§ **GOAL OF THE EXERCISE**: For each entry below, write an exact copy and leave out the images.

§ **Dataset records**:

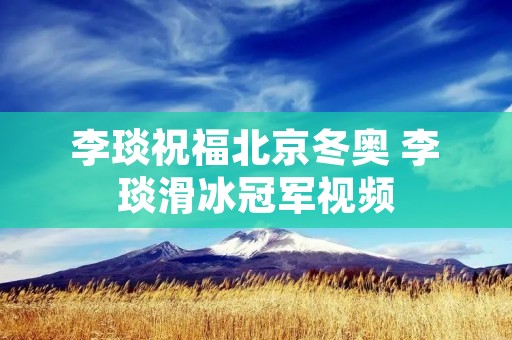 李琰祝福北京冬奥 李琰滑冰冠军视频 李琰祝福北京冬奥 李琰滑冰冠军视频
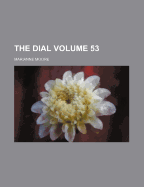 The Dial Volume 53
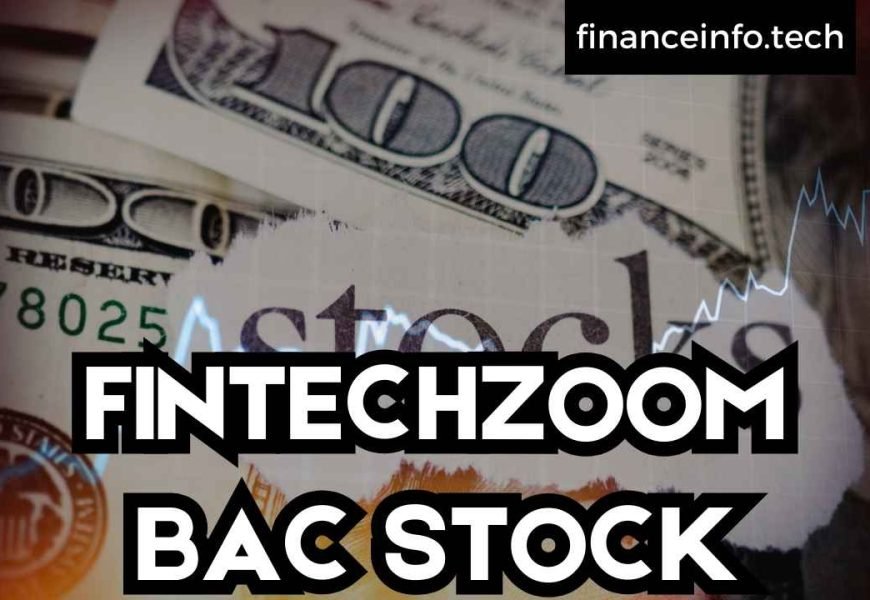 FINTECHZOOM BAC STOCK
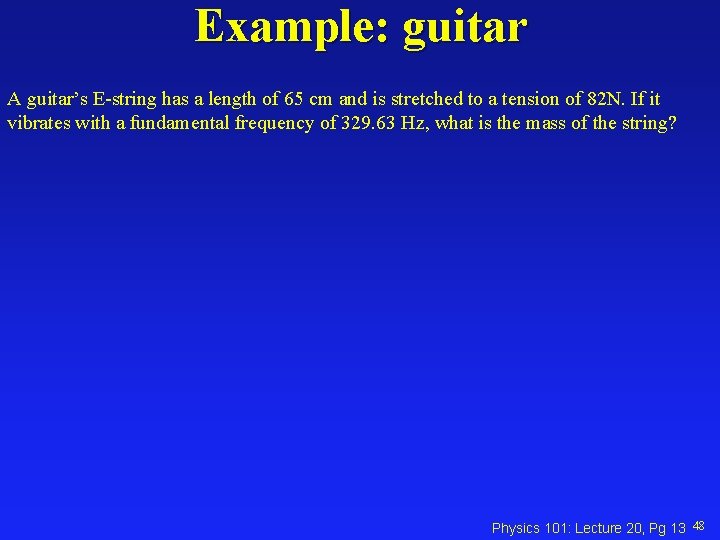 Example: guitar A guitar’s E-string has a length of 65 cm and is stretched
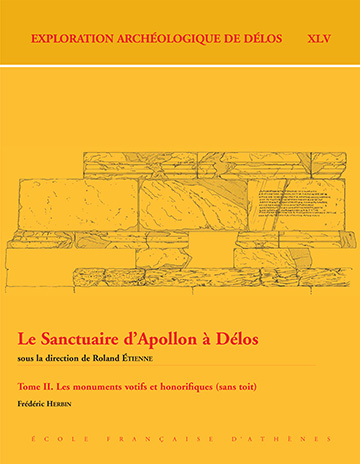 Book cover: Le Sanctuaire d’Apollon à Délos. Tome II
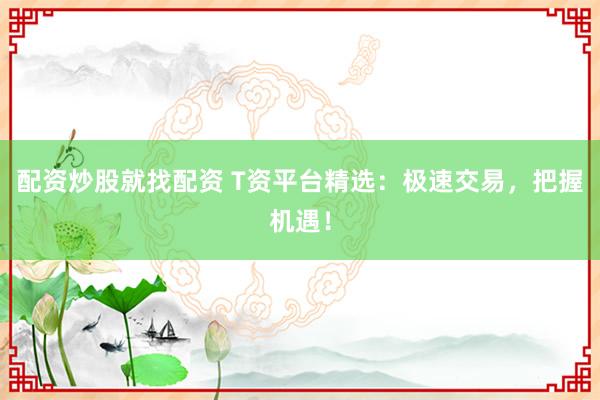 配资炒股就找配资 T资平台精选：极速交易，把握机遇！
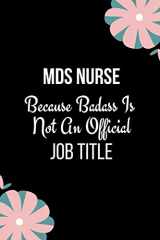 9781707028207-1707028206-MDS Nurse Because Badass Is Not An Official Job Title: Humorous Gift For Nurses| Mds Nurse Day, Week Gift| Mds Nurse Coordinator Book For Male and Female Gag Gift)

§ **ANSWER SECTION**:
 李琰祝福北京冬奥 李琰滑冰冠军视频 李琰祝福北京冬奥 李琰滑冰冠军视频
 The Dial Volume 53
 FINTECHZOOM BAC STOCK
 Example: guitar A guitar’s E-string has a length of 65 cm and is stretched
 Book cover: Le Sanctuaire d’Apollon à Délos. Tome II
 配资炒股就找配资 T资平台精选：极速交易，把握机遇！
 9781707028207-1707028206-MDS Nurse Because Badass Is Not An Official Job Title: Humorous Gift For Nurses| Mds Nurse Day, Week Gift| Mds Nurse Coordinator Book For Male and Female Gag Gift)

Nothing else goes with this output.